Legendary impresario Bill Graham began in January 1966 to commission posters to promote the concerts he was putting on at San Francisco's Fillmore Auditorium. The poster artists created vivid, irreverent banners that reflected their own sense of poetics, style, and wit. What resulted were signature juxtapositions of design, lettering, and color that represented a brand-new art form. These posters now occupy a place in art history while surviving as treasured artifacts of rock archaeology. Published in cooperation with Bill Graham Presents, The Art of the Fillmore reunites for the first time in a single volume the original Bill Graham posters created exclusively for the San Francisco and New York Fillmore dance concerts. Indexes cross-reference the posters with the bands they advertised and the poster artists who created them.
I found this book in the Oakland Public Library when my kids had to be there for a couple hours doing homework while we were on vacation. To say that I was delighted is a pretty strong understatement.
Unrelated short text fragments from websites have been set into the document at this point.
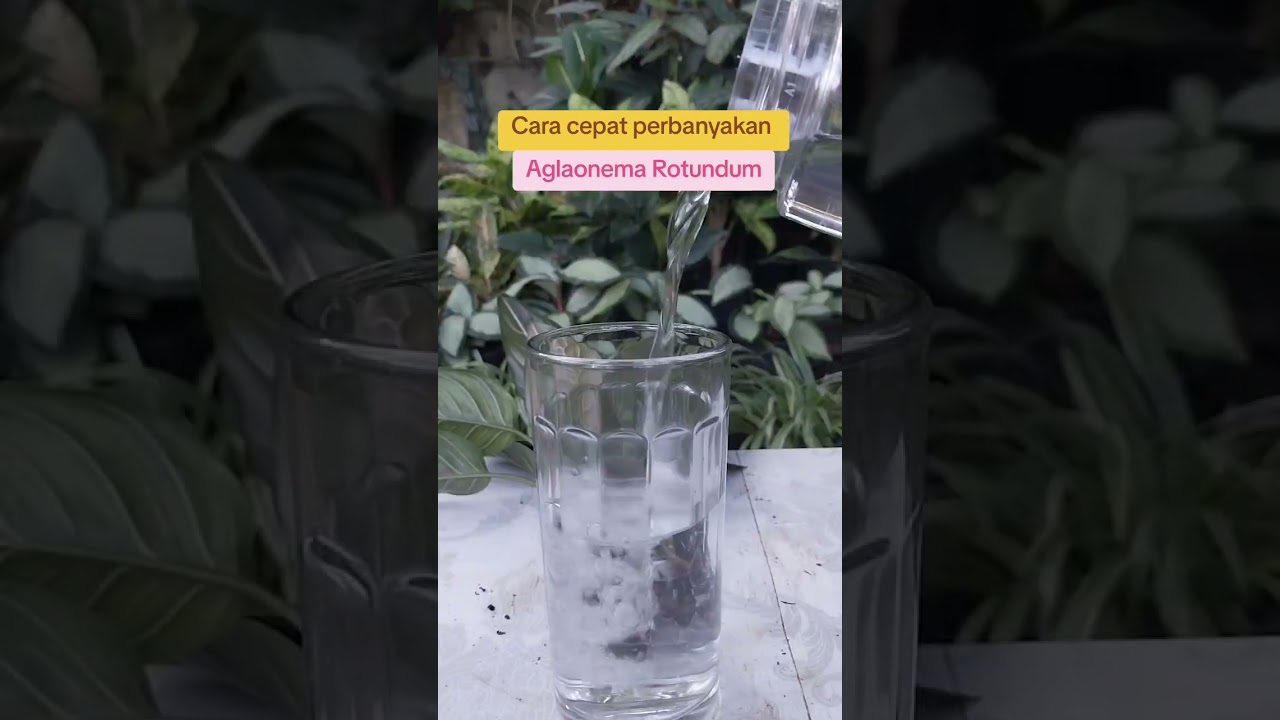 Cara cepat memperbanyak Aglaonema Rotundum  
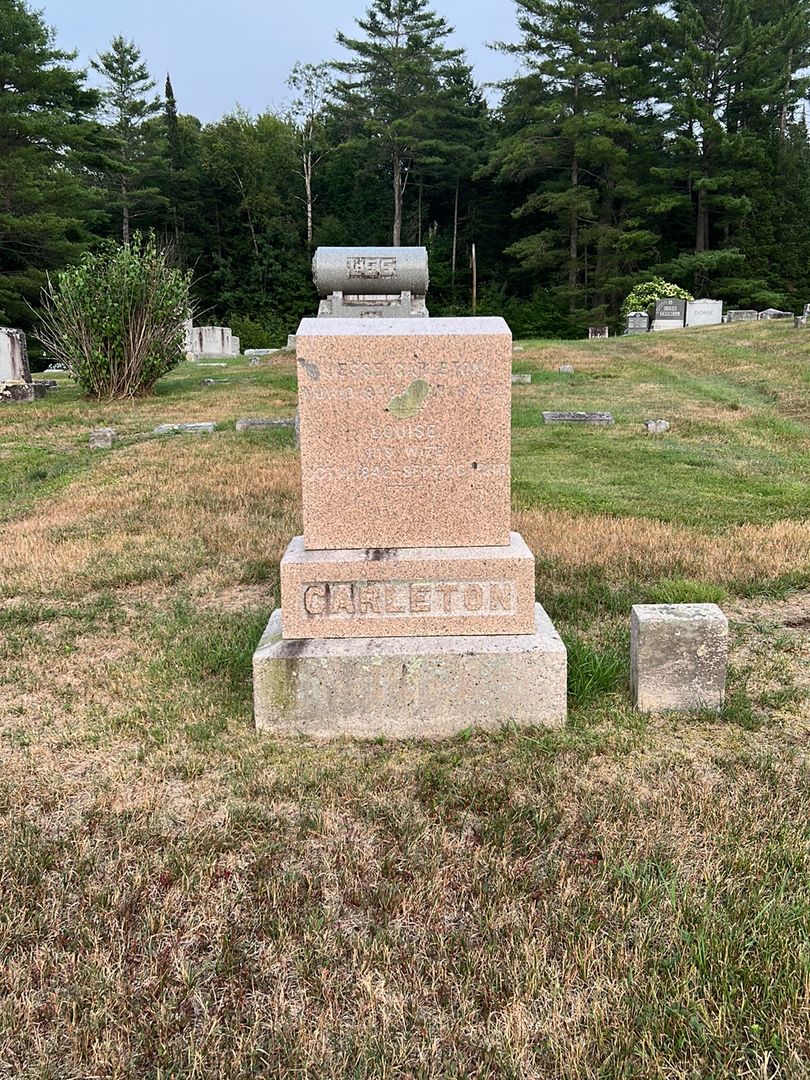 Jesse Carleton's grave. Photo 1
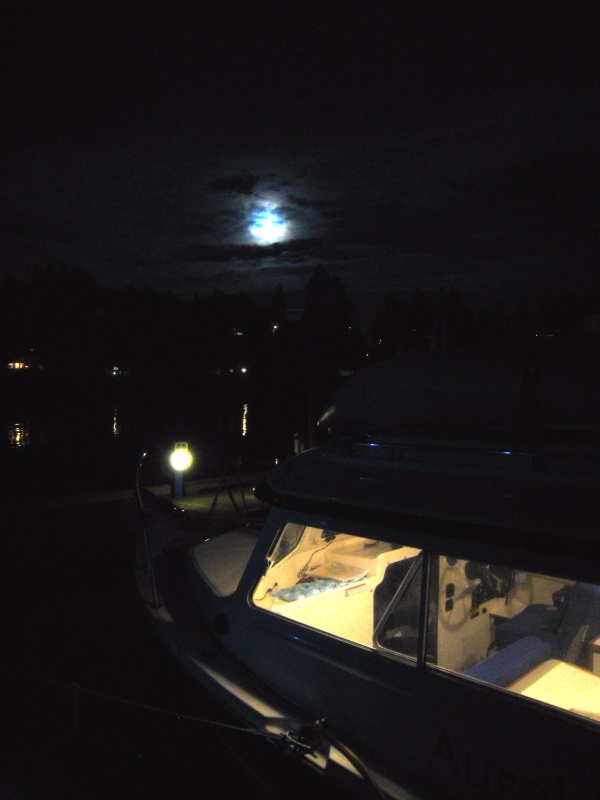 Swantown Marina in Olympia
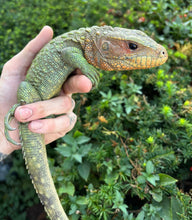 Load image into Gallery viewer, Juvenile Caiman Lizard (2)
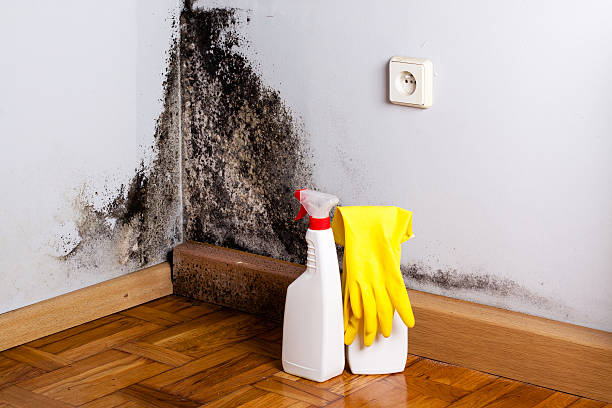 Best Same-Day Mold Removal  in Crested Butte, CO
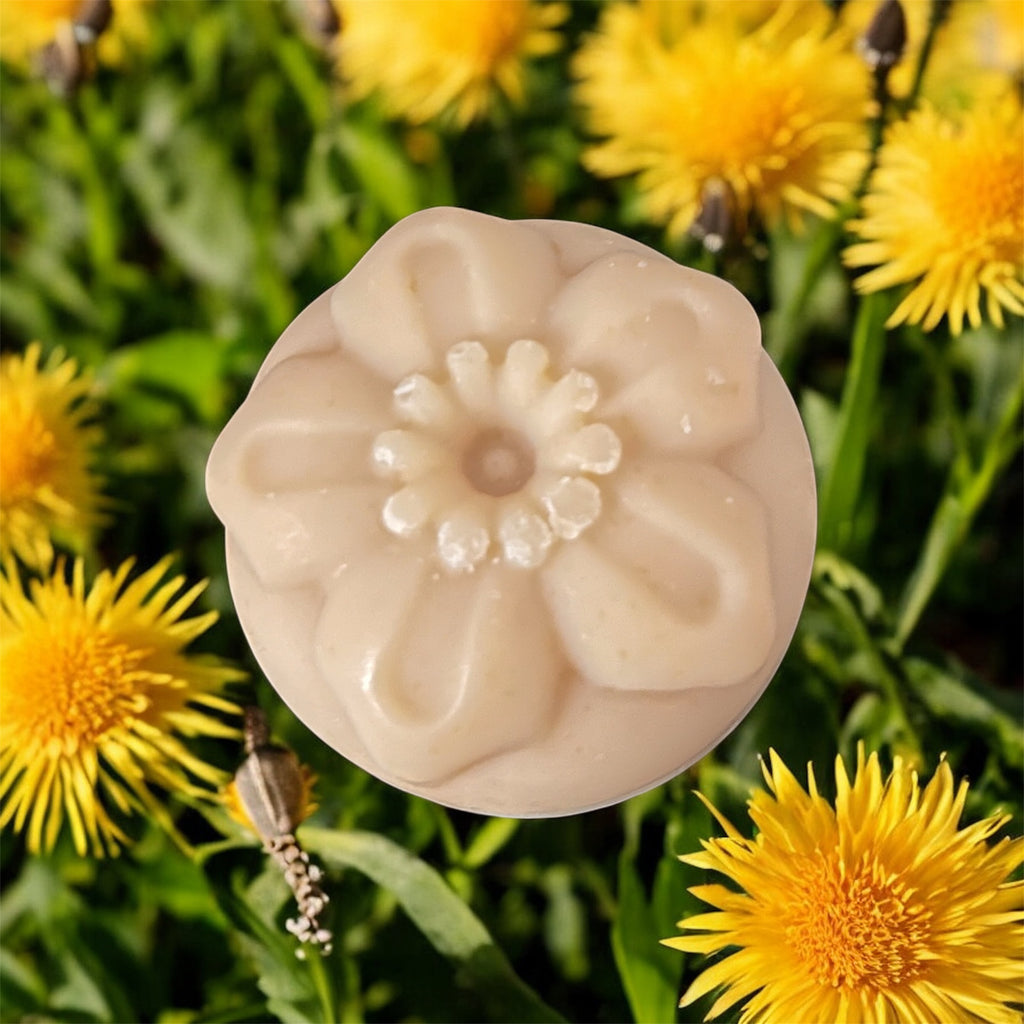 Golden Dandelion Shampoo Bar- All Natural
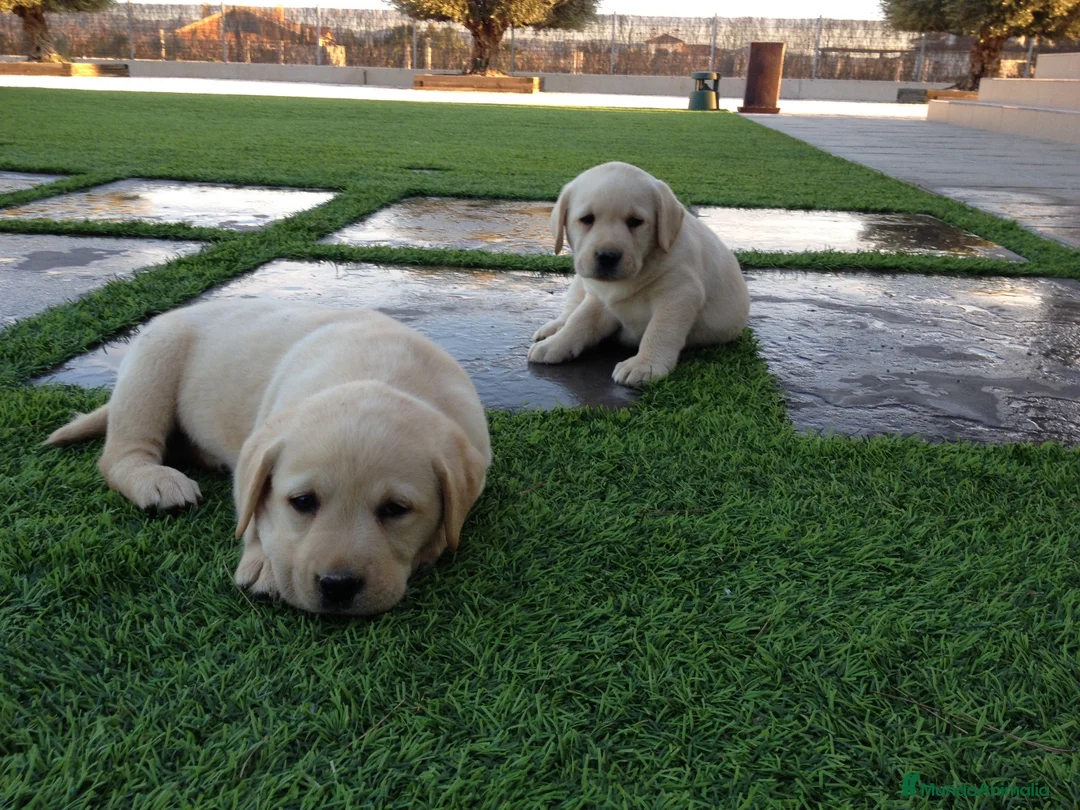 Labrador Retriever perros en venta: Cachorros labrador amarillo con pedigree  - Anuncio 6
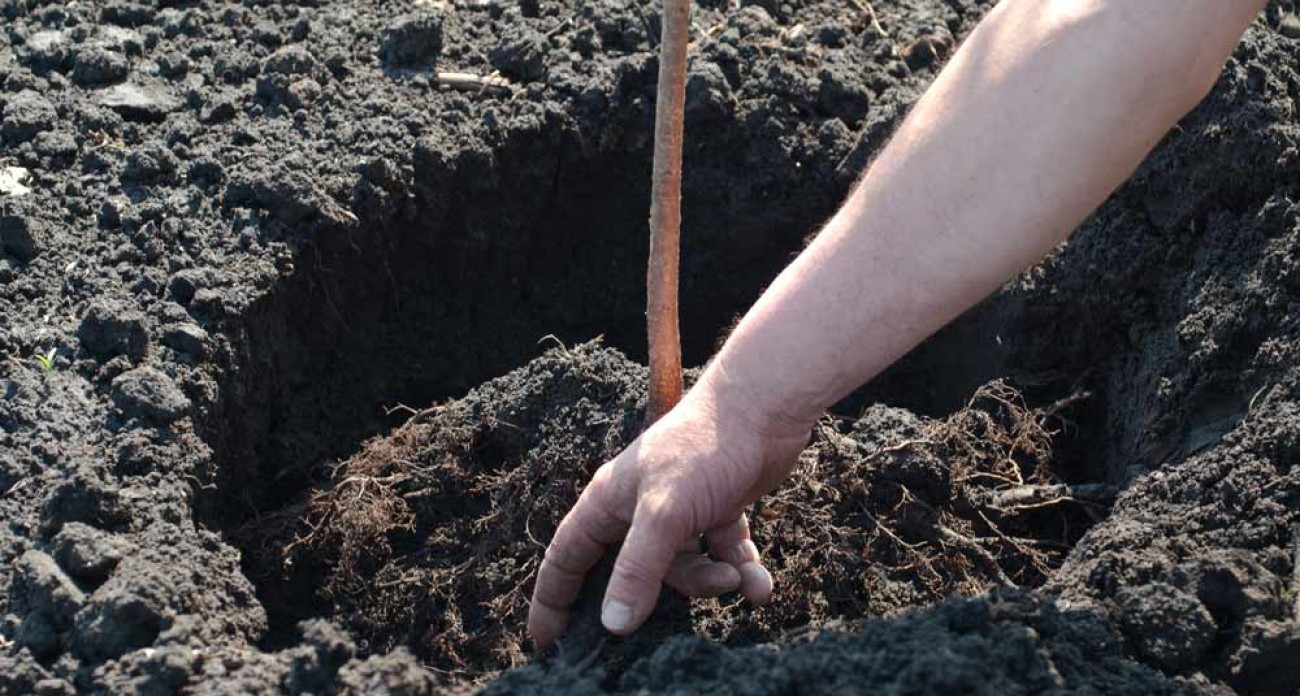 Planter un cerisier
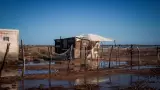Bah�a de Lobos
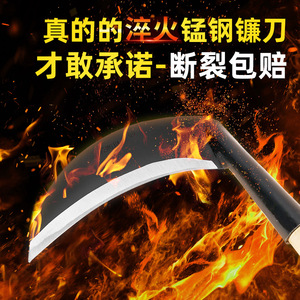 Hoz de Jardín Kyushu de 52 cm, Herramienta Agrícola de Acero al Manganeso para Cosechar Maíz, Arroz y Trigo - Product Image 5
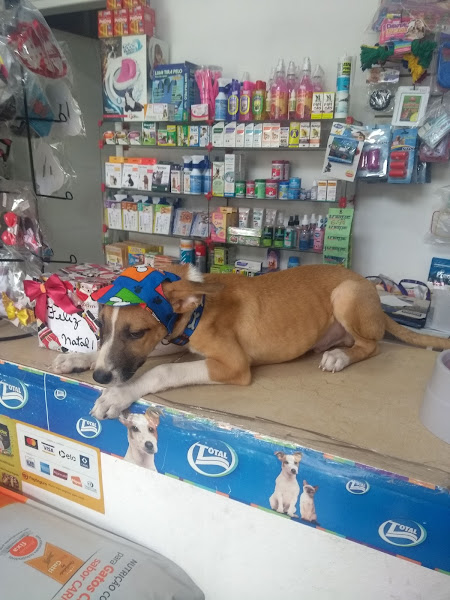 Foto 4 Pet shop Engenho Novo
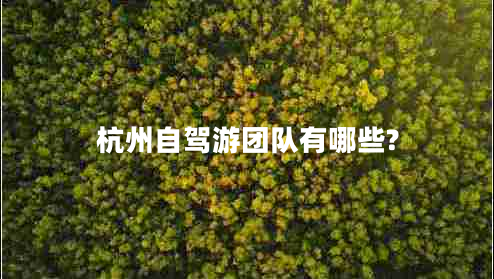 杭州自駕游團(tuán)隊有哪些?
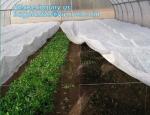 Pla Spunbond Nonwoven for Agricultue cover,Nonwoven Fabric, customized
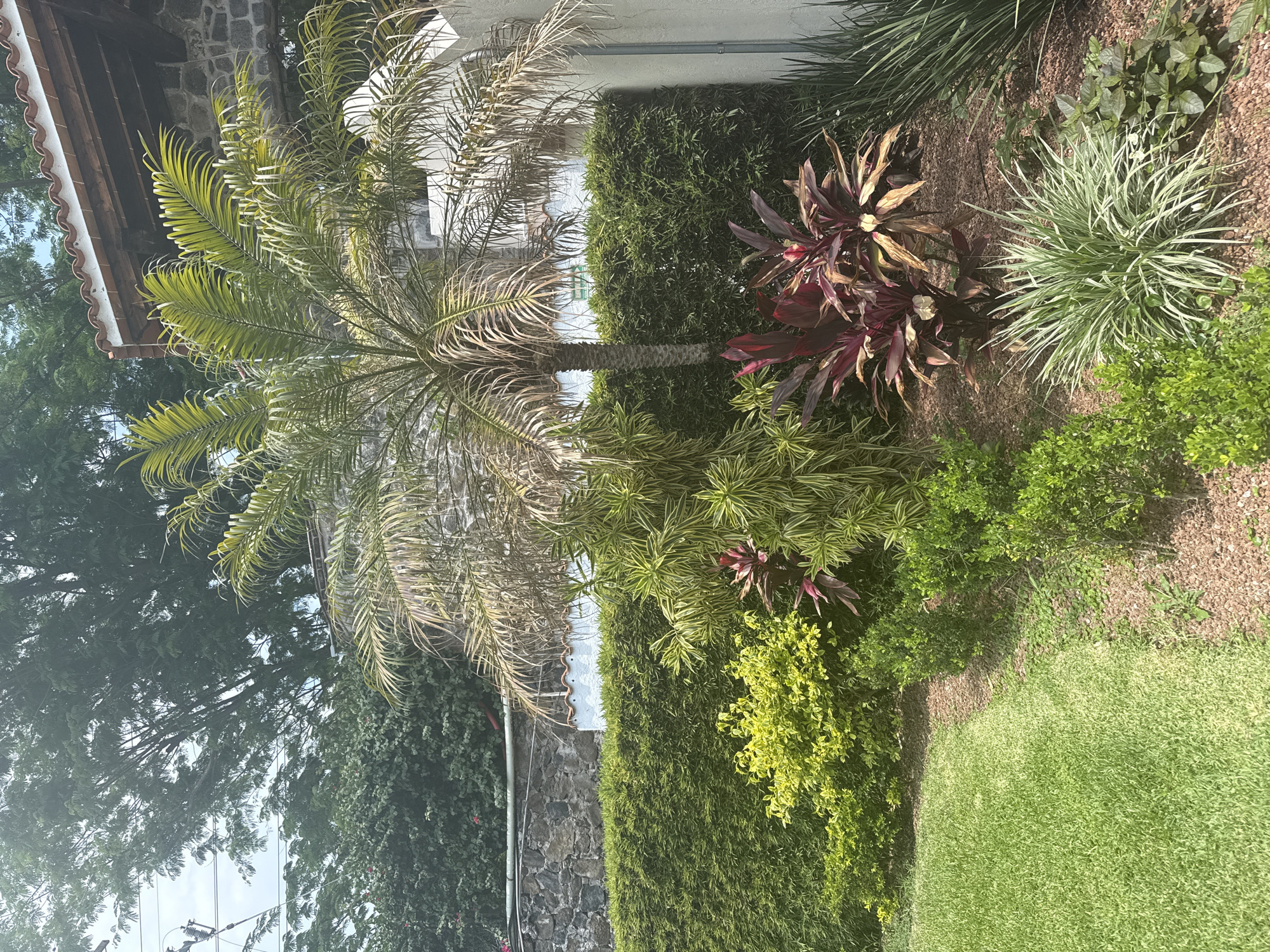 The image depicts a garden scene in Tres de Mayo, Mexico. The garden features a palm tree in the center-left, with some fronds appearing dried or discolored. Adjacent to the palm is a neatly trimmed hedge. In front of the hedge is a garden bed with various plants, including cordyline plants (some with reddish-purple leaves), ornamental grasses, and other greenery. The groundcover appears to be mulch or small gravel. In the lower right, there is a patch of green lawn. In the background, a building with a red-tiled roof and stone wall is visible, partially obscured by trees. The scene is bathed in sunlight, casting shadows on the plants and lawn. Power lines can be seen among the trees in the distance.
My special interest in life is the history of the Fillmore/San Francisco in the 60s/psychedelic art, so this was damn near one of the best books I’ve ever encountered. There was a lot of detail so I couldn’t absorb everything in just a few hours, but I did learn a lot and peruse all the posters. I hope to find it again one day and take an even deeper dive.
I didn't really read this cover to cover, but I gave the posters a good ogle. It's very enjoyable if you're into 60s art, although there's so much (and it's so detail-dense) that it's hard to absorb in just a couple of sittings. The writing definitely tends toward that gushy good-old-days reminiscing that aging hippies seem to be prone to.